In our (onBalance) class on plastering, a plasterer commented that he does not add any calcium chloride to his plaster mixes because of the problems that can be caused. Many plasterers are now using a “non-calcium chloride” accelerator with great results, especially with color pigmented plaster. It was also acknowledged that calcium nodules are due to delaminations and cracking issues.
Several plasterers (and many service techs) stopped by our booth to mention that they have had great success using the “Bicarb Start-up” program on their newly plastered pools (including Quartz and Pebble). They are amazed on how there is no plaster “dust,” and that dark colored plaster jobs remained dark and uniform. They changed to the Bicarb Start-Up because of problems with the “Acid Wash” and "Acid Bath" program which often results in light colored blotchiness or streaking that develops later.
It was very refreshing to hear plasterers acknowledge that certain plaster discolorations and defects are due to poor plastering workmanship or materials, and not due to unbalanced water chemistry maintenance, start-ups, or high cyanuric acid levels.

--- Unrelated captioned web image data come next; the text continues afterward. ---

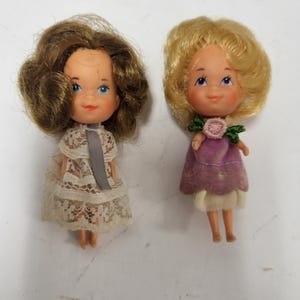 May include: Two vintage doll figures. One doll has brown hair and wears a lace dress with a gray ribbon. The other doll has blonde hair and a purple dress with a flower detail. Both dolls have blue eyes and rosy cheeks.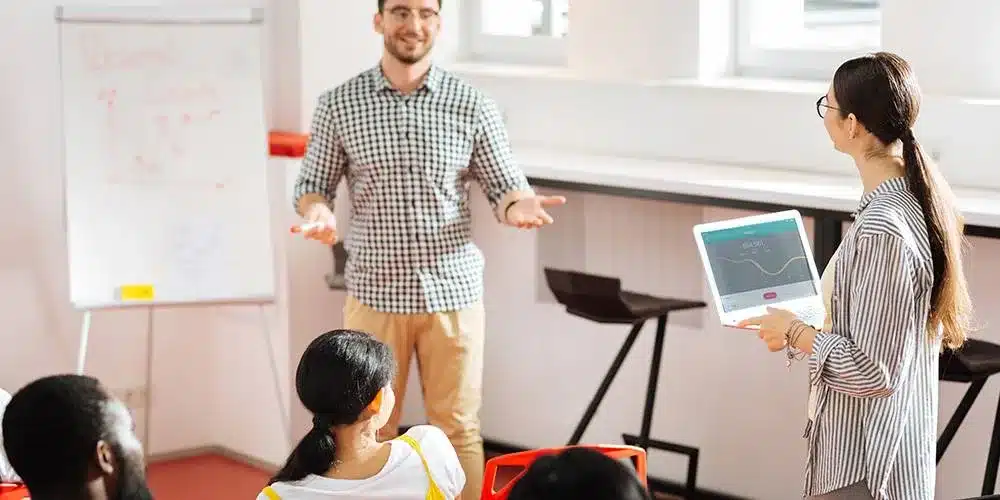 A man speaks to a seated group in a bright room while a woman holding a laptop stands nearby; a chart is visible on a whiteboard in the background.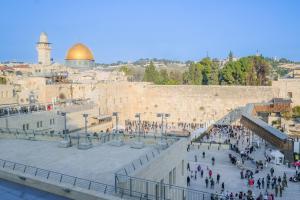 a crowd of people walking around the western wall at Western Wall View Apartment in Yerushalayim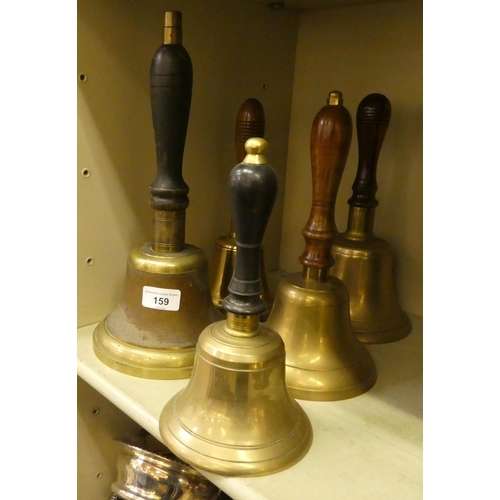 159 - Five brass hand bells with turned wooden handles  largest 14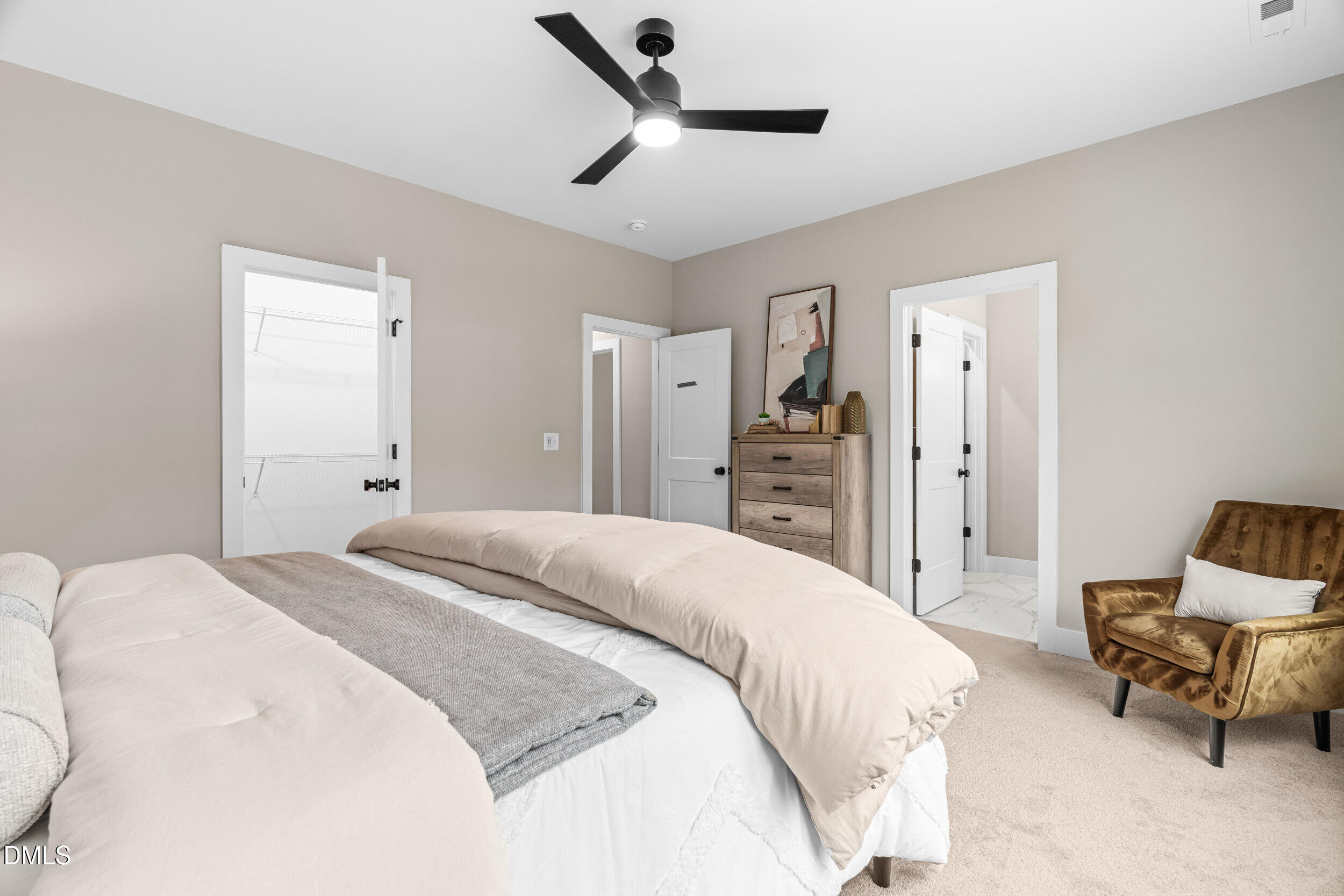 1012 Harper Road Raleigh, NC 27603 - Photo 19 of 54 a spacious bedroom with a bed and a refrigerator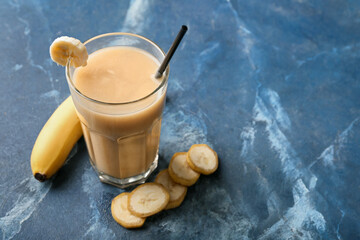 Glass of healthy banana smoothie on color background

An article in the March 2014 issue of Concrete International (ACI) also points out the importance of proper troweling techniques and timing, and not adding water to the finish while troweling in order to avoid color variations (mottling) in cement flatwork applications.
Plasterers with integrity (like Ed Rock) accept responsibility for plaster defects, and won’t blame innocent service techs and pool owners who maintain the water chemistry. And because of that, they are more motivated to teach and ensure that their finishers follow proper plastering procedures.
Consequently, quality plasterers have few problems (if any) that begin to appear a few weeks after completion, such as gray mottling or white spotting (spot etching). When nothing goes wrong, there is no need to blame someone. The above bodes well for our industry if more leaders from the plastering industry speak out and teach others in an effort to improve plastering standards.